La aportación de los actores fue muy importante. Recuerdo que cuando empezábamos Miki (Esparbé) me llamaba y me decía, “Elena, tenemos que quedar a tomar un café, tengo que hacerte preguntas sobre mi personaje. ¿Me puedes pasar una playlist de la música que escucha Comas?”. Fue muy especial.

Después, en el casting Isak (Férriz) hizo una cosa muy bonita: no juzgó a Guille, un personaje muy fácil de juzgar. Cuando llegaba un actor desde la posición “soy un capullo” estaba bien, pero faltaba algo. De repente, llegó Isak y no hizo un capullo, hizo de un tío que hace lo que puede, de alguien que lo que hace le sale fatal, ¿qué no ves que no le tienes que pedir que se case contigo? Y no lo ve, él cree que hace lo que tiene que hacer. Pero repito, todos tienen algo de eso, como Eloi (Bruno Sevilla) que sigue vistiéndose como cuando iba al instituto. En general, y hay situaciones en las que me identifico con ellos, hay una gestión infantil de las emociones, el hecho de que ninguno se tome tiempo para pensar. Alguien como Comas, al que veo como un tipo carismático, con mucho talento para muchas cosas, tal vez para demasiadas, incapaz de apostar por miedo al fracaso, que prefiere quedarse en casa en pijama a actuar. Además, Berlín es una ciudad que te permite estar parado en el tiempo, al menos hasta hace cuatro o cinco años podías tener un contrato de alquiler indefinido, en un piso razonable, por 400 euros, y la dinámica de la ciudad no es elitista, con mucha cosa de segunda mano, la cultura no es cara y eso te permite alargar ese tipo de situaciones.

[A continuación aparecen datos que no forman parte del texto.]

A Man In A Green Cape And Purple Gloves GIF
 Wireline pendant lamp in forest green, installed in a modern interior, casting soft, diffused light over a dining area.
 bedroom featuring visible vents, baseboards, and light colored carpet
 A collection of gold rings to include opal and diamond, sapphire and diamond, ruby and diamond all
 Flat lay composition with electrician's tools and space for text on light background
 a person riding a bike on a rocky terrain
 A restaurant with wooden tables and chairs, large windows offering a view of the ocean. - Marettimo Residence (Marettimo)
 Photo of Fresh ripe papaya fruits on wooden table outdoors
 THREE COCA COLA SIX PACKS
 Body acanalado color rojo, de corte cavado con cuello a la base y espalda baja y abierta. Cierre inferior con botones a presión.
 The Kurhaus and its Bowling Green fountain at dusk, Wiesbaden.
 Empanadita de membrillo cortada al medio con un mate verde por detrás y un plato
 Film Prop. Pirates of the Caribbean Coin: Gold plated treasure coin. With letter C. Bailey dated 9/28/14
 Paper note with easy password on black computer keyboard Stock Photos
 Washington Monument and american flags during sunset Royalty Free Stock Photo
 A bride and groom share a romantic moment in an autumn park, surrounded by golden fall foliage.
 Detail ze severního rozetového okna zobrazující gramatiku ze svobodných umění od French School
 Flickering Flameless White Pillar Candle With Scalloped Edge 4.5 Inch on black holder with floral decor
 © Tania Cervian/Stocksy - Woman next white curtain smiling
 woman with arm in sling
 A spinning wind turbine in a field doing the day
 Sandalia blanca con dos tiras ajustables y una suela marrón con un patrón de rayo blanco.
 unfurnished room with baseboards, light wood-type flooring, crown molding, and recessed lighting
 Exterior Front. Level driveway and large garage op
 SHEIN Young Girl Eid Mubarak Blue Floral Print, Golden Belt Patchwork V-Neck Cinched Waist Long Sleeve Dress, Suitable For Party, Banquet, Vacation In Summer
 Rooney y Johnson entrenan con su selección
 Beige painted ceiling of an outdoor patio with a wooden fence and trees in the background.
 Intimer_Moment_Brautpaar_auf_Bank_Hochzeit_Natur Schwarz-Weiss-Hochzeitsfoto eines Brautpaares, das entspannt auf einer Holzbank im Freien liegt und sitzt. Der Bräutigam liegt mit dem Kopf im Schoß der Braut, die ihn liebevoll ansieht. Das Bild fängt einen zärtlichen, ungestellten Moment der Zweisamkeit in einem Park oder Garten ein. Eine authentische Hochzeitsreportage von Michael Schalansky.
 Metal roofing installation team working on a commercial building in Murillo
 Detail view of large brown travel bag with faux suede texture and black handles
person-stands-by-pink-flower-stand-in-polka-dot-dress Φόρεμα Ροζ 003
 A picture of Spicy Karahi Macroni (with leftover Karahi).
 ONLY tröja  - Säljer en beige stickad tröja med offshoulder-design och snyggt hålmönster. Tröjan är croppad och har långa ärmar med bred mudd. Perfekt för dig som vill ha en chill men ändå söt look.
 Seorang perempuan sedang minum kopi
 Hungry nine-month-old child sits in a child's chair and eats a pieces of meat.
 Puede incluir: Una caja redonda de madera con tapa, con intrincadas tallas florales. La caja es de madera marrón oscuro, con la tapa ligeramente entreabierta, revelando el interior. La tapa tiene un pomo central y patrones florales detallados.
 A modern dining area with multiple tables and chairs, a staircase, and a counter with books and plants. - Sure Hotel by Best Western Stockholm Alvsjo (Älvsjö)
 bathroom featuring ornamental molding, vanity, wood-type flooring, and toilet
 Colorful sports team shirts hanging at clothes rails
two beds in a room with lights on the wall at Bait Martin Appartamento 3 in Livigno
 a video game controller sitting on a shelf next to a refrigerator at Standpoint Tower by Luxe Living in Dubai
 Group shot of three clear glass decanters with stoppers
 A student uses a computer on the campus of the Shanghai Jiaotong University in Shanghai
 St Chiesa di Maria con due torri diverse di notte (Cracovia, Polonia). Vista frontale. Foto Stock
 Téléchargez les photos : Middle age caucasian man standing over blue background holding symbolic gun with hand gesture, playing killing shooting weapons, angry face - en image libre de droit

Aunque la ciudad aparezca muy difuminada, ¿siempre fue Berlín la elegida?

En un principio, era una película sobre un viaje que terminaba en Berlín. Al conseguir la beca para escribir, quise hacer el mismo viaje que hacían mis personajes. Ahí me di cuenta de que era un trayecto muy largo, que me obligaba a una estructura con muchas elipsis… Y una vez que llegué a Berlín decidí que todo sucedería allí.

¿Siempre fue una película bilingüe?

Quería una película bilingüe, e hicimos un esquema de relaciones en función de la lengua desde la naturalidad más absoluta. Olivia habla castellano y Eloi habla catalán, mientras que el resto de los personajes cambia de idioma en función de a quien se dirige. Estaba marcado en qué idioma hablaban unos con otros partiendo de esa base. Y me gusta mucho como fluye el tema lingüístico en las escenas, todo es muy natural: es algo muy sencillo que nos planteamos muy poco.